R: Acertam em entrar em contato com muitas referências, exemplos, métodos, processos e técnicas.
Erram ao fazer coisas sem pensar. Sem conseguir dar uma justificativa das decisões que tomaram. Por favor, não decida algo só porque viu algum método ou artigo. Tente criar seus próprios argumentos; de preferência com base em informações sobre os usuários ou sobre o contexto do negócio.
5. E para quem busca evoluir na carreira, quais erros você entende que devem ser evitados?
R: Não pensar em porque quer evoluir. Às vezes a gente quer evoluir pra se comparar com outras pessoas ou apenas pra ganhar mais. Nem sempre a gente precisa mudar completamente pra evoluir. Talvez você não precise aprender algo totalmente novo. Talvez você não precise se tornar uma liderança. Podemos continuar melhorando ao mesmo tempo em que continuamos sendo quem somos.
6. Na sua visão, quais características técnicas diferenciam um designer Júnior, Pleno e Sênior?
R: Pra mim, senioridade é sobre confiança. Quanto mais sênior, mais posso confiar em você. No lado técnico, isso se desdobra em considerar mais cenários, materializar para experiências com menos riscos, saber quando ou quais técnicas e métodos utilizar, etc. Se quer saber o detalhe disso no mão na massa (ou craft, como é conhecido) recomendo o artigo ‘Os 7 níveis do craft de design — e como alcançar o próximo’ do Fabricio Teixeira.
7. Como você enxerga a trajetória até alcançar o nível Sênior em Design de Produtos Digitais?
R: Relativa.

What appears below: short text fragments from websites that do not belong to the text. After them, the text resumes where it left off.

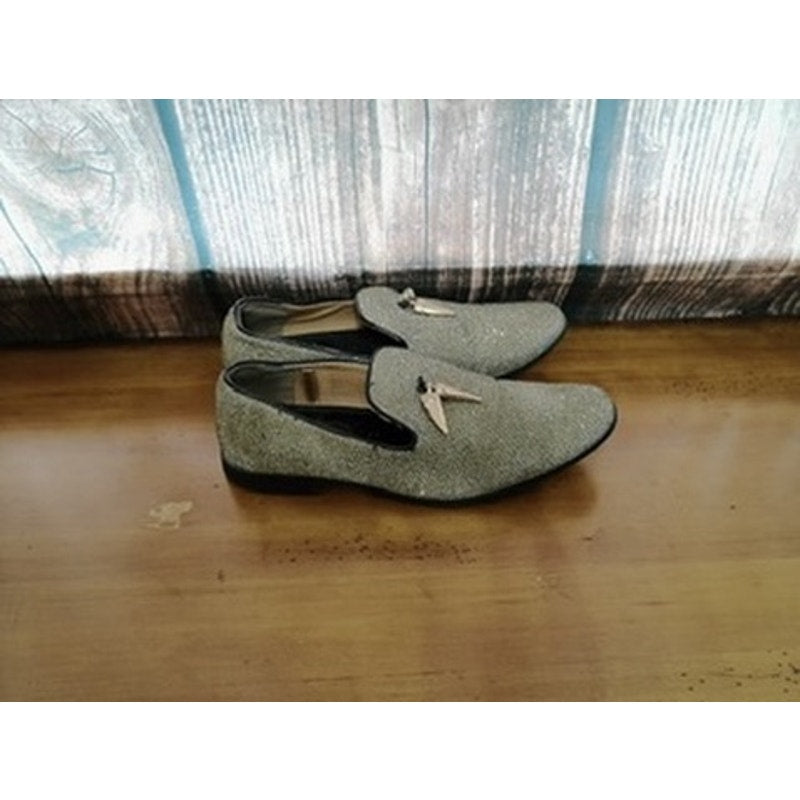 Giorgio Brutini Men's Silver Glitter Loafers Slip-On 8M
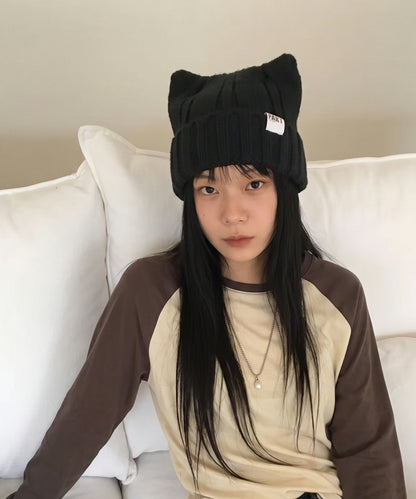aimoha/猫耳リブニットキャップ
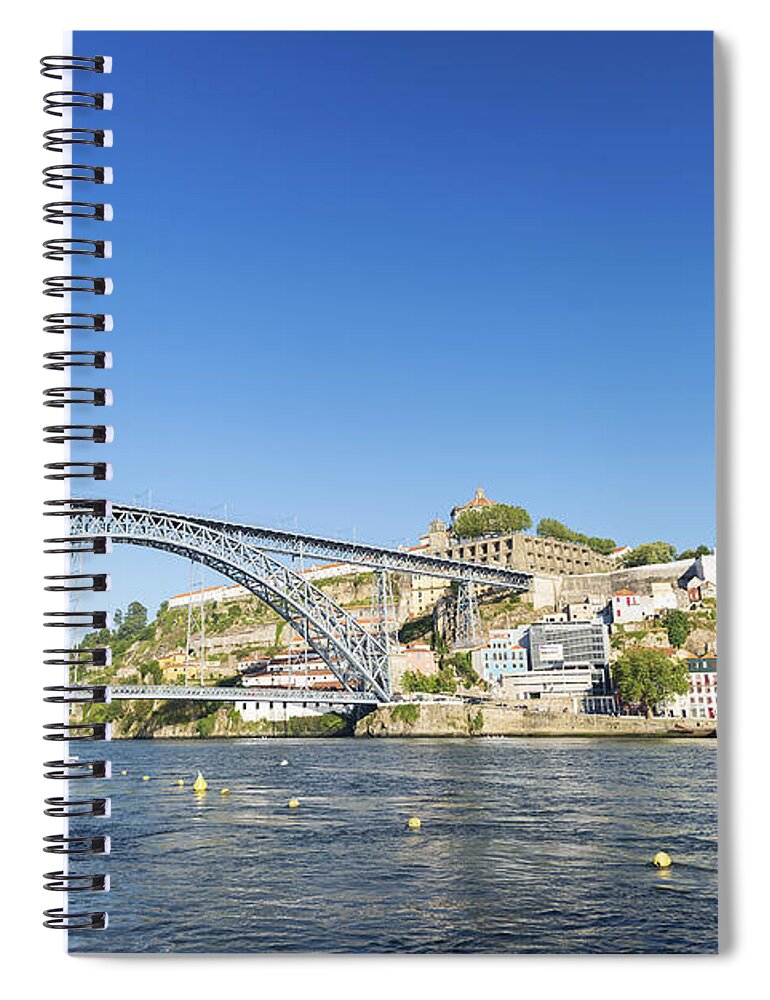 Architecture Spiral Notebook featuring the photograph Dom Luis Bridge Porto Portugal by JM Travel Photography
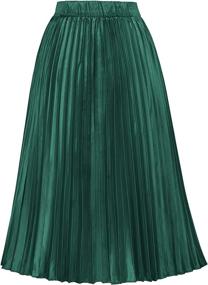 img 3 attached to 👗 Waist Elastic Pleated Length KK659 3: Chic and Stylish Women's Skirts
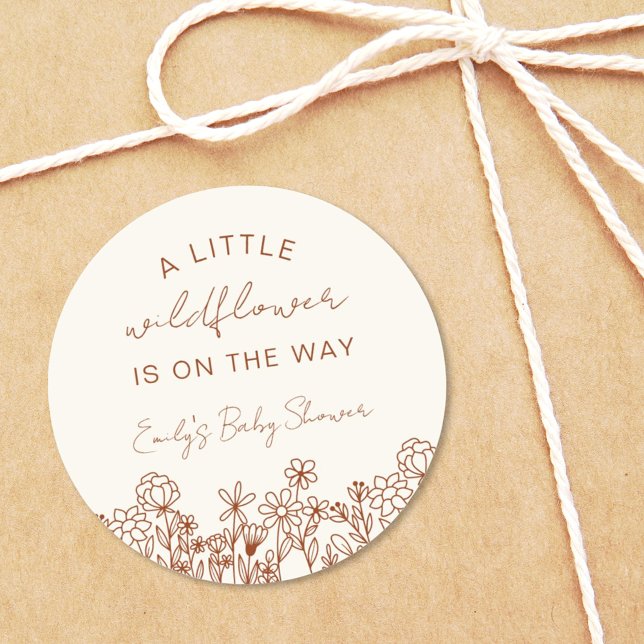 A Little Wildflower Baby Shower In Bloom Boho Classic Round Sticker (Creator Uploaded)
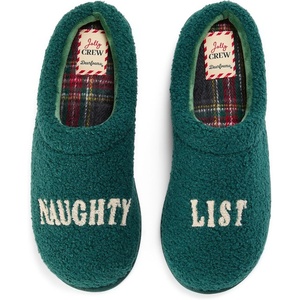 Dearfoams Men’s Christmas Morning Crew Matching Family Holiday House Shoes(Naughty List)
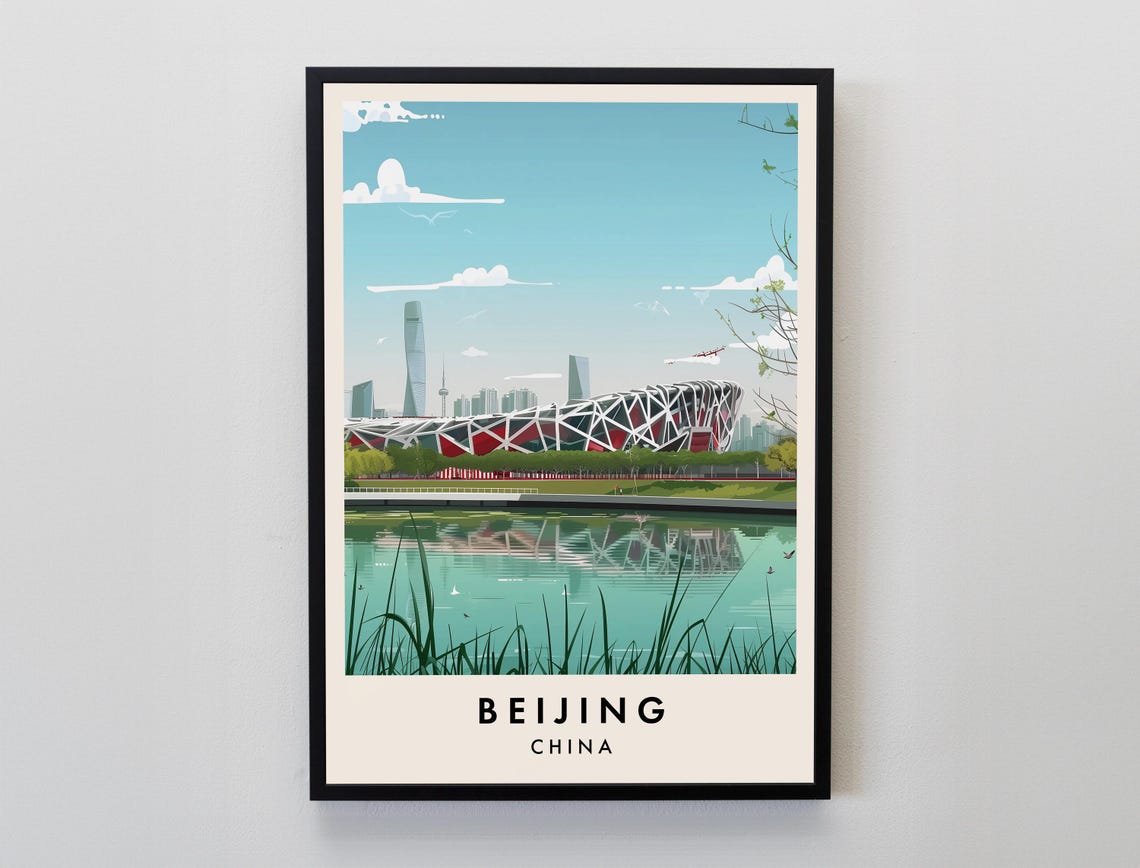 Beijing China Bird's Nest Olympic Stadium Skyline Travel Poster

Depende muito da quantidade e do nível de desafios que você vai precisar encarar, e da intenção que você tem ao resolvê-los. Senioridade é muito relativa, um sênior de uma startup local pode ser um júnior do Google, então é uma trajetória que não deve ser apressada.

1. Qual dica você daria sobre portfólio para quem está começando? Quais critérios ajudam a estruturar um portfólio efetivo e quais atributos não podem faltar?
R: O arroz com feijão: quem é você e porque isso importa. Além de chamar atenção visualmente (o que é bem relevante) só preciso saber de fato, três coisas: qual era o problema, como você resolveu e o que isso gerou de impacto. Use o ‘Design Thinking’ e tenha empatia por quem está recrutando. O que essas pessoas querem ver? Como você torna a experiência delas melhor pra te contratar? Isso já dá muito pano pra manga.
2. Como desenvolver conhecimento em Design por meio de cases fictícios? E, na sua opinião, de que forma eles ajudam na busca por vagas?
R: Já vi casos de pessoas contratadas apenas com cases fictícios. Acho que ajudam nos dois casos: tanto a construir repertório, praticar, exercitar, quanto a pelo menos ganhar experiência na busca por vagas. Logo, quanto mais melhor. Ter apenas um case muito evoluído, talvez não traga muitos resultados.
3. Como você acredita que um Plano de Desenvolvimento Individual (PDI) pode ser estruturado para proporcionar um desenvolvimento concreto?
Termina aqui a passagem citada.